Here’s a Hulu image of the Wii U app released in 2012:…

image

Streaming video service Hulu has hired a veteran of Microsoft’s Xbox team to head its Seattle office building “living room” technologies.

Barry Steinglass starts today as vice president of software development heading a 35-person team that just moved into new downtown offices with room to expand.

The Seattle team is responsible for Hulu’s presence on “anything not a smartphone or a browser,” Steinglass said, including game consoles, web-connected TVs and media adapters such as the Roku and Chromecast devices.

Steinglass, 36, joins at a critical time for Hulu, which has become one of the standard streaming video apps on mobile and living room devices. But it continues to be the underdog to Netflix and YouTube and face growing competition from Amazon.com’s video offering, which over the last year overtook Hulu viewership during prime time, according to Sandvine’s market share reports.

Hulu has a huge war chest. After trying to sell the seven-year-old venture, the big content companies that own Hulu decided last year to double down instead. Disney, Fox and NBCUniversal pledged to invest $750 million in new content and technology, including software that Steinglass will be building in Seattle.

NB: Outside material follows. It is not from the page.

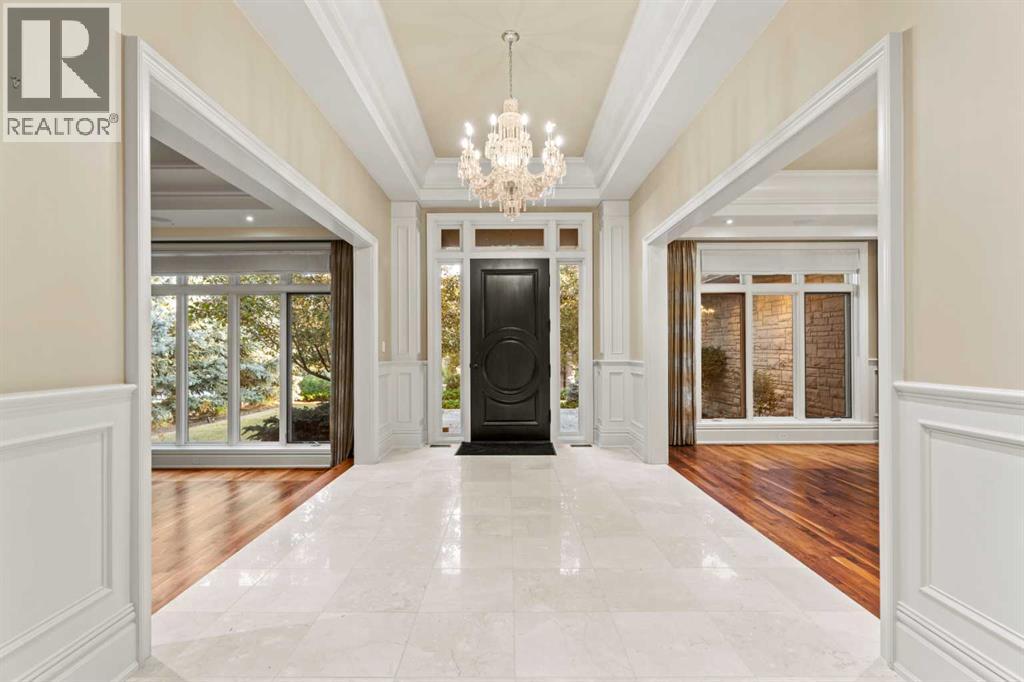 Marble foyer under 12-foot ceilings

Steinglass said Hulu is positioned to compete not just for viewers online but for talent in Seattle, which has a cluster of companies developing streaming media technologies. Advantages include the company’s “relaxed atmosphere” and “the projects that we’re working on and some of the problems we’re trying to solve and the fact that we’ve got good brand recognition and a head start,” he said.

Asked what the digital living room will look like in five years, Steinglass said there isn’t yet a clear picture.

“Personally I think it’s a really heavily contested space and there’s a lot of innovation and I don’t think the dust has settled,” he said. “I’m not sure, honestly, the dust will have settled in five years.”

By streaming first-run TV shows Hulu gives options to “cord cutters” looking for alternatives to cable services. But Steinglass – and the content owners behind Hulu – see it as a complement rather than a replacement.

“Hulu is about giving people a chance to consume their content in a more flexible way, but not a complete replacement,” he said.

Steinglass declined to speculate much on whether Hulu will broaden its offerings to include sports and games.

“I have to imagine some of that war chest goes to content licensing and fighting the fight on that front,” he said. “I’m more focused on the technology side.”

Hulu is based in the Los Angeles area but it has deep ties to Seattle. Its founding executives were veterans of Amazon.com and Microsoft and at one point half of its developers in California hailed from Seattle.

The company opened a small Seattle engineering office in 2010 and in February hired another Xbox veteran, Tian Lim, as chief technology officer. Steinglass replaces Zach Holt, who led the Seattle office until April.

Lim and Steinglass worked together at Microsoft before Lim went on to develop network services for Sony’s PlayStation.

Steinglass grew up in Nepal and the Middle East – his father was with the Peace Corps and the World Health Organization – then went to high school and college in Virginia. He was recruited by Microsoft in 1999 and worked on Exchange before joining Xbox in its early days.

He left Microsoft in 2006, after shipping an HD-DVD player accessory for the Xbox that was part of a broader effort by Microsoft to insert its technology into the emerging market for interactive, high-definition digital media.

HD-DVD never took off as a media platform but Steinglass eventually co-founded Opscode, a successful Seattle enterprise software startup now called Chef that’s raised $63 million.

Still, Steinglass has kept his Xbox HD-DVD player connected to his TV set at home, alongside a collection of consoles ranging from original Nintendo hardware up to an Xbox One running the Hulu app.